DATA TO USE>
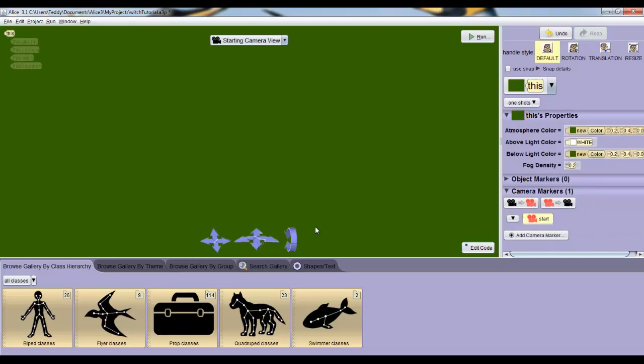Fortunately, because we dropped that camera marker, I can easily get back to the original position. Just find the button under camera markers, where there's a black camera, an arrow, and then a red camera. And then click it.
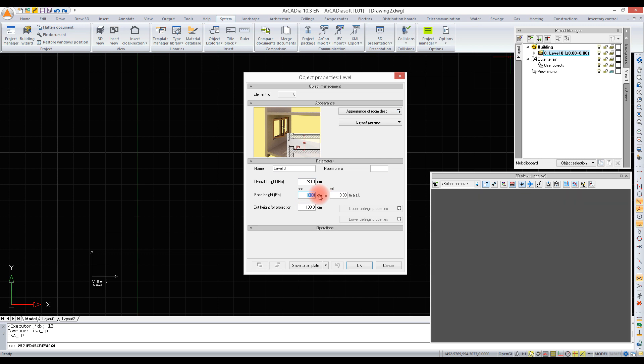The base height shown on level zero is not the global zero of the project. The global zero is calculated in meters above sea level and depends on the geographical location where the building will be situated. This is why this value has to be changed from 180 to 200 meters above sea level, for example, depending on the height of the city, town, or village.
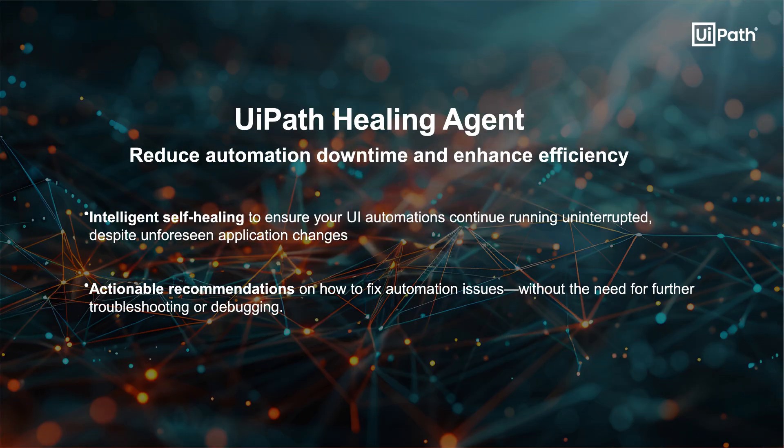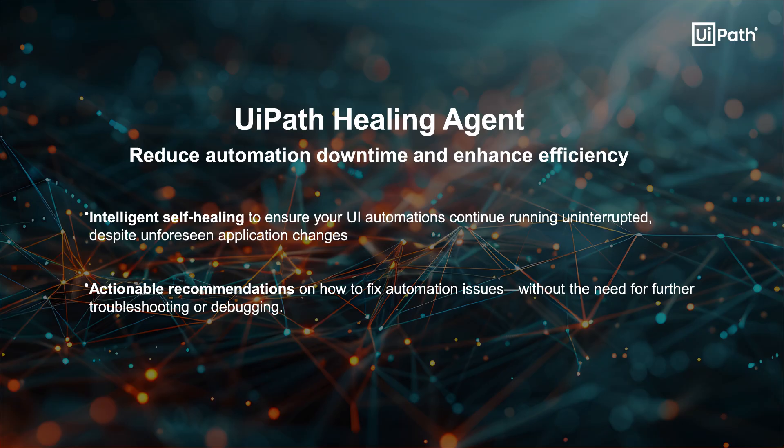UiPath Healing Agent makes your automations more resilient to unexpected UI changes and enables faster code updates to quickly get your automations back in production. Let's see how Healing Agent helps recover an unattended automation.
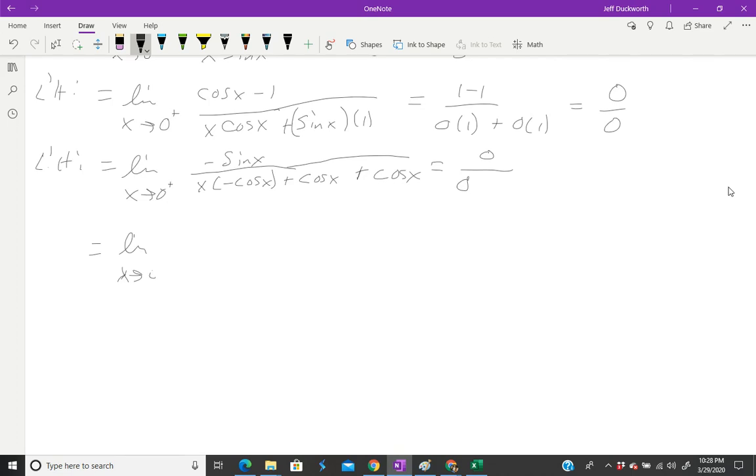Cos(0) is also one, so we have 0/2, which is zero. So we have an answer here, which is zero. That's kind of what you have to do. You have to take the two fractions and move them into one.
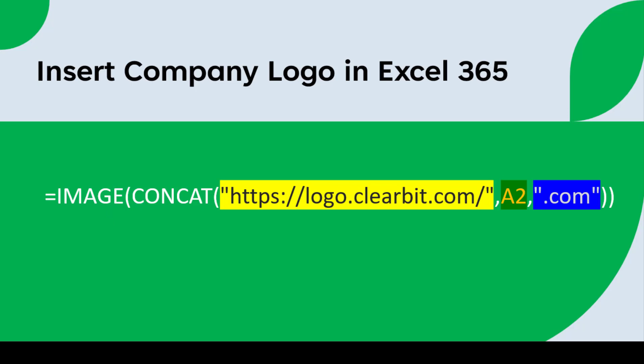Inside the parenthesis, we have the image URL, which is made up of three parts. The first part is https://logo.clearbit.com, which is the URL for Clearbit's logo API.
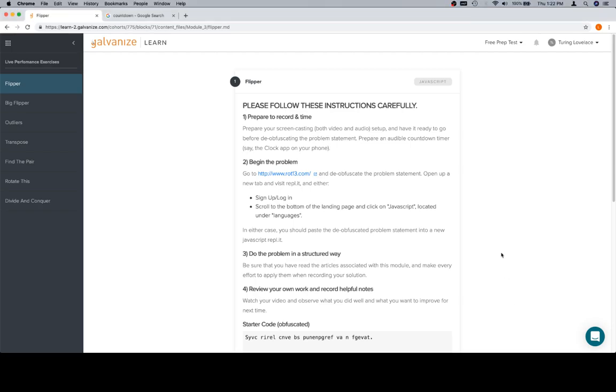Hey everybody, welcome back. This is Flipper, part of the live performance exercises in Module 3. Before this there was a whole bunch of articles on ways to think about your interview. Hopefully you'll read those. We are going to be adjusting those as time goes on.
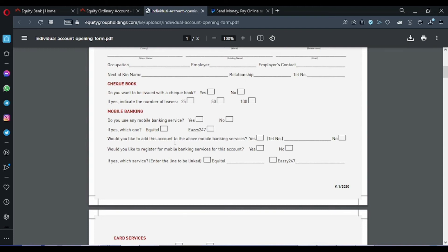Would you like to add this account to the app of mobile banking service? Of course yes, then you will write your mobile number. Would you like to register for mobile banking service for this account? Yes.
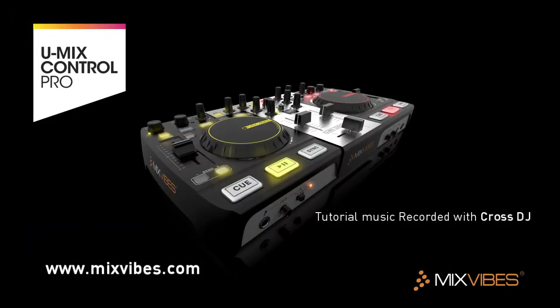For more information, go to www.mixvibes.com. Thank you very much.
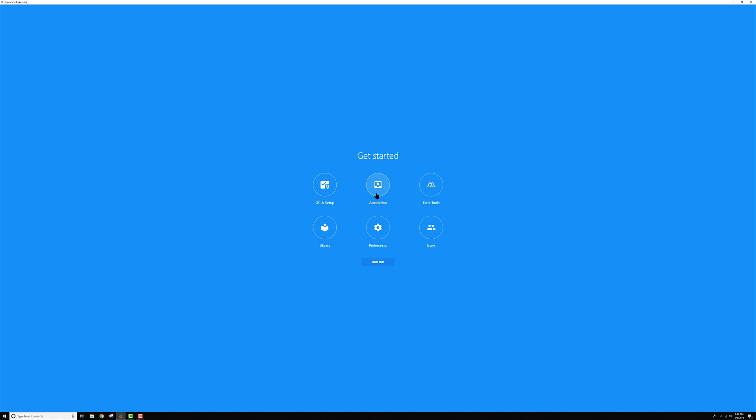Then there's the acquisition page. This is where you're going to come to set up your experiments, run all of your tubes, look at your data in the worksheets. This is where you'll spend the majority of your time in our software.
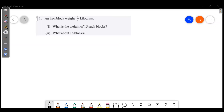Welcome friends, welcome to Masters Academy. In today's chapter, we will discuss other problems. An iron block weighs 1/4 kg. What is the weight of 15 such blocks?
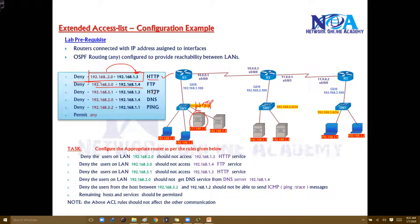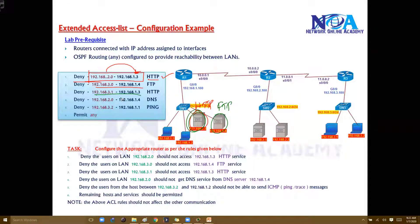The 3 network should not access 1.4 FTP servers — we are simulating an FTP server here. And from 3.1 to 1.3, HTTP should also be blocked. I want to stop this for one single host, 3.1, not for 3.2.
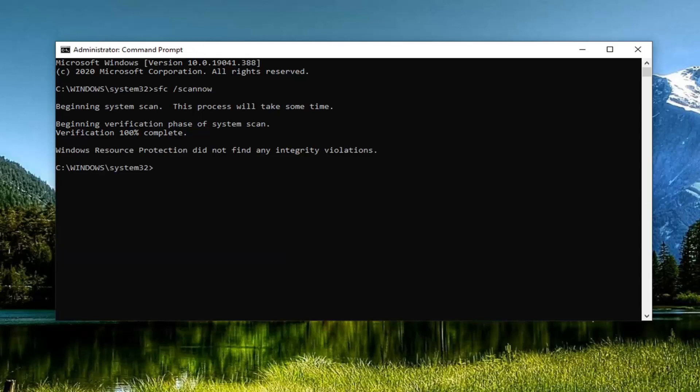Okay, so it did not find any integrity violations, which is good. Now there are going to be two more commands we're going to go about running for this tutorial, and it's going to start with DISM, and they're both going to have that.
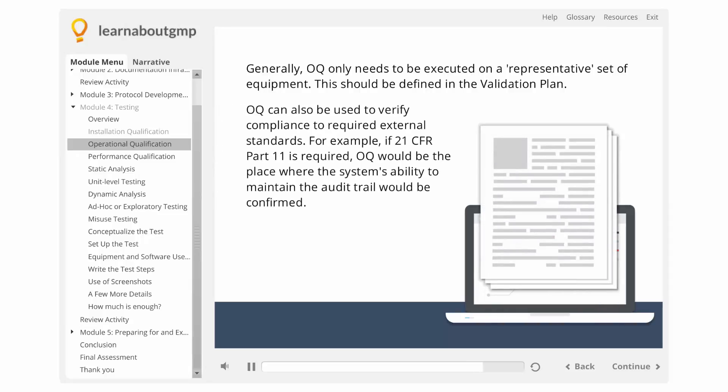OQ can also be used to verify compliance to required external standards. For example, if 21 CFR Part 11 is required, OQ would be the place where the system's ability to maintain the audit trail would be confirmed. The OQ is where the bulk of tracing from requirements to verification occurs.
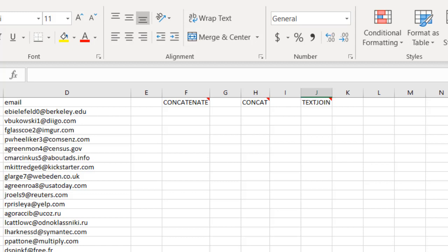Hi, in this video I'm going to show you how to join cell values with three separate functions: the concatenate function, the concat function, and the text join function.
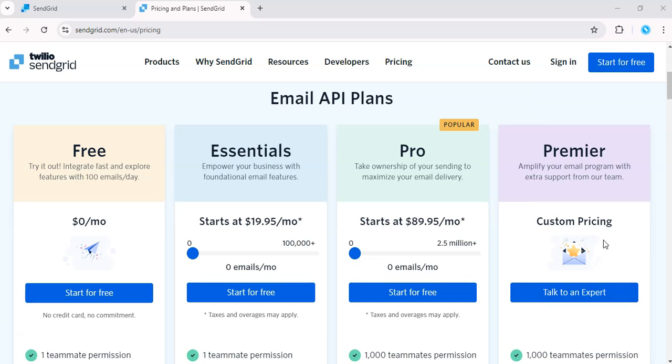And finally, if you're an enterprise sending millions of emails monthly, the Premier plan offers custom pricing and dedicated support.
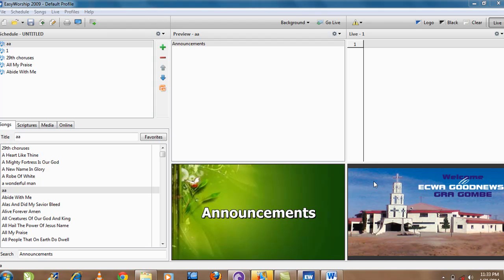So in order to do that, the first thing you do is you hold down the Windows key on the keyboard. And there is a Windows key on the keyboard. I think there is a third, depending on your computer, but most computers, it's the third button when you are counting from the left. You see the sign of Windows, you just hold down the Windows key.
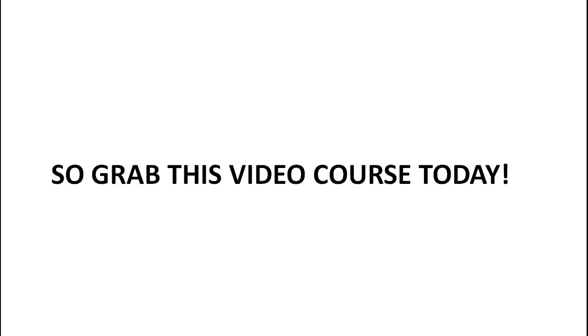So with that said, go ahead and grab this video course today and we look forward to seeing you on the inside.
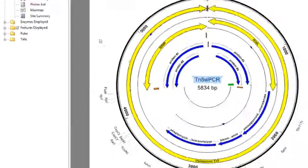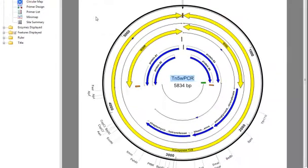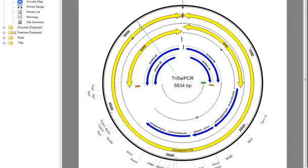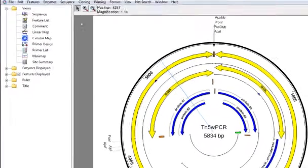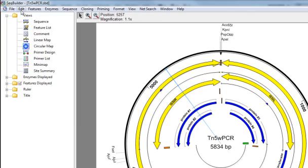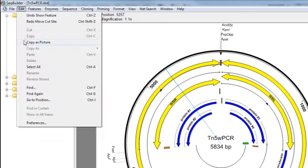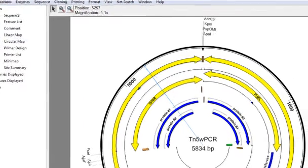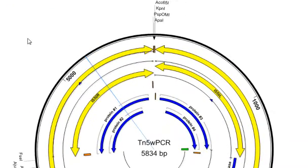You may want to use the circular map as a graphic in a presentation or paper, and you can do that by copying and pasting. To copy the circular map as a vector graphics file, just select Edit, Copy as Picture, and then you're ready to paste it into the other application.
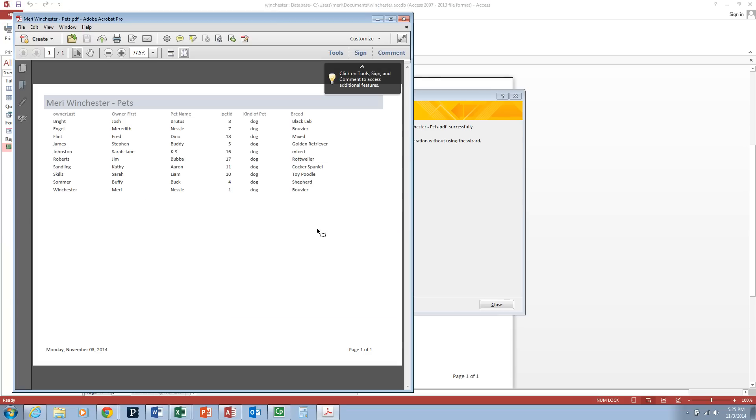If you don't have Acrobat installed, you might not have the PDF option. In which case, you can hand in the text file. Otherwise, I'd prefer that you hand in the PDF file. So you can hand in either of the files that you exported for this section. You don't need to hand in both.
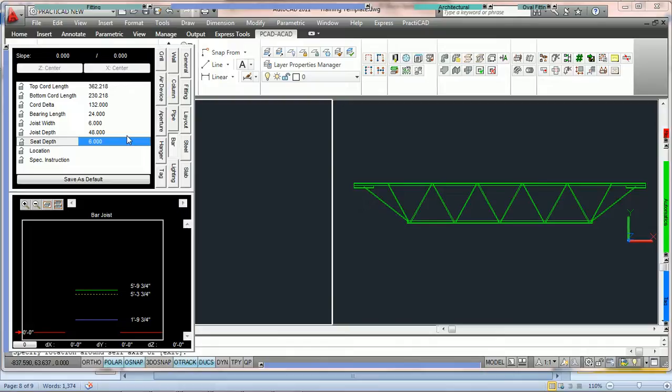How to use your bar joists in PractiCAD. Bar joists are parametric entities that are provided to you that can be modified and used from job to job. They work virtually identical to steel with the exception of some of the parameters are different and the hold points are different.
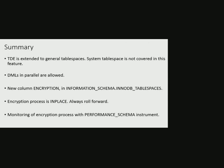So to summarize, encryption at rest or transparent tablespace encryption is extended to general tablespaces in MySQL 8.0.13. So the tables which share tablespaces can have their data encrypted. Note, system tablespace is not covered in this feature. DMLs in parallel are allowed to ensure minimal impact on response to the user.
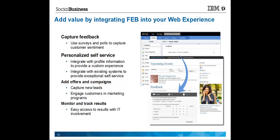So in summary, forms experience builder is simple to integrate with your web experience and can add tremendous value. Thank you.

WHAT TO PRODUCE> Each line of the data above must be reproduced as written. Skip the pictures.

RESPONSE>
Fortunately, because we dropped that camera marker, I can easily get back to the original position. Just find the button under camera markers, where there's a black camera, an arrow, and then a red camera. And then click it.
The base height shown on level zero is not the global zero of the project. The global zero is calculated in meters above sea level and depends on the geographical location where the building will be situated. This is why this value has to be changed from 180 to 200 meters above sea level, for example, depending on the height of the city, town, or village.
UiPath Healing Agent makes your automations more resilient to unexpected UI changes and enables faster code updates to quickly get your automations back in production. Let's see how Healing Agent helps recover an unattended automation.
Cos(0) is also one, so we have 0/2, which is zero. So we have an answer here, which is zero. That's kind of what you have to do. You have to take the two fractions and move them into one.
Inside the parenthesis, we have the image URL, which is made up of three parts. The first part is https://logo.clearbit.com, which is the URL for Clearbit's logo API.
Hey everybody, welcome back. This is Flipper, part of the live performance exercises in Module 3. Before this there was a whole bunch of articles on ways to think about your interview. Hopefully you'll read those. We are going to be adjusting those as time goes on.
Would you like to add this account to the app of mobile banking service? Of course yes, then you will write your mobile number. Would you like to register for mobile banking service for this account? Yes.
For more information, go to www.mixvibes.com. Thank you very much.
Then there's the acquisition page. This is where you're going to come to set up your experiments, run all of your tubes, look at your data in the worksheets. This is where you'll spend the majority of your time in our software.
Welcome friends, welcome to Masters Academy. In today's chapter, we will discuss other problems. An iron block weighs 1/4 kg. What is the weight of 15 such blocks?
The 3 network should not access 1.4 FTP servers — we are simulating an FTP server here. And from 3.1 to 1.3, HTTP should also be blocked. I want to stop this for one single host, 3.1, not for 3.2.
Okay, so it did not find any integrity violations, which is good. Now there are going to be two more commands we're going to go about running for this tutorial, and it's going to start with DISM, and they're both going to have that.
OQ can also be used to verify compliance to required external standards. For example, if 21 CFR Part 11 is required, OQ would be the place where the system's ability to maintain the audit trail would be confirmed. The OQ is where the bulk of tracing from requirements to verification occurs.
Hi, in this video I'm going to show you how to join cell values with three separate functions: the concatenate function, the concat function, and the text join function.
And finally, if you're an enterprise sending millions of emails monthly, the Premier plan offers custom pricing and dedicated support.
So in order to do that, the first thing you do is you hold down the Windows key on the keyboard. And there is a Windows key on the keyboard. I think there is a third, depending on your computer, but most computers, it's the third button when you are counting from the left. You see the sign of Windows, you just hold down the Windows key.
So with that said, go ahead and grab this video course today and we look forward to seeing you on the inside.
You may want to use the circular map as a graphic in a presentation or paper, and you can do that by copying and pasting. To copy the circular map as a vector graphics file, just select Edit, Copy as Picture, and then you're ready to paste it into the other application.
If you don't have Acrobat installed, you might not have the PDF option. In which case, you can hand in the text file. Otherwise, I'd prefer that you hand in the PDF file. So you can hand in either of the files that you exported for this section. You don't need to hand in both.
How to use your bar joists in PractiCAD. Bar joists are parametric entities that are provided to you that can be modified and used from job to job. They work virtually identical to steel with the exception of some of the parameters are different and the hold points are different.
So to summarize, encryption at rest or transparent tablespace encryption is extended to general tablespaces in MySQL 8.0.13. So the tables which share tablespaces can have their data encrypted. Note, system tablespace is not covered in this feature. DMLs in parallel are allowed to ensure minimal impact on response to the user.
So in summary, forms experience builder is simple to integrate with your web experience and can add tremendous value. Thank you.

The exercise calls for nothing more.